Le retrait fait suite à une recommandation de l’Union internationale pour la conservation de la nature (IUCN), en sa qualité d’organisme consultatif clé auprès du Comité du patrimoine mondial de l’UNESCO, particulièrement pour les sites naturels. Un rapport stipulant des engagements à honorer par le pays a été établi, au premier semestre de l’année.
Des recommandations s’imposent à l’État, partie à la Convention de l’UNESCO, et au gestionnaire des biens retirés de la Liste du patrimoine en danger. « Nous mobiliserons tous les moyens possibles pour faire baisser ou enrayer les pressions sur les sites », a souligné Ollier Andrianambinina, chef de département communication et système d’information chez MNP, à Mongabay, au téléphone.
« Parce que rien ne se crée, rien ne se perd, tout se transforme », l’approche à adopter consiste à renforcer davantage les mesures déjà en application. Elles incluent l’augmentation du nombre de survols de drones sur les zones sensibles et de la fréquence des patrouilles pour renforcer la surveillance. « Nous connaissons déjà les zones à risque. Nous les avons bien à l’œil.
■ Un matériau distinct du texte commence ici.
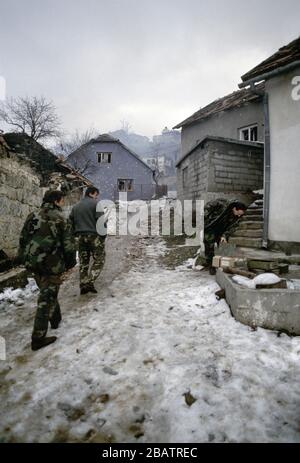 Januar 1994 während des Krieges in Zentralbosnien: Noch immer zerschlägende Häuser, während Soldaten der Rama Brigade der HVO durch das bosnisch-muslimische Dorf hier spazieren, das zwei Tage zuvor gefangen genommen wurde. Stockfoto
Les lieux de braconnage sont géolocalisés », a dit le responsable qui évite de franchir les limites du domaine de sa responsabilité.
Pour le cas de Masoala en particulier, un poste de surveillance supplémentaire sera créé pour ramener à six leur nombre. « Ceci suppose plus d’équipes opérationnelles et plus de patrouilles sur le terrain », a ajouté le fonctionnaire du MNP, qui reste confiant, quant à l’atteinte des objectifs. « Nous y arriverons avec une bonne dose de volonté », a-t-il affirmé. Les patrimoines mondiaux sont, de fait, soumis à l’évaluation tous les trois ans.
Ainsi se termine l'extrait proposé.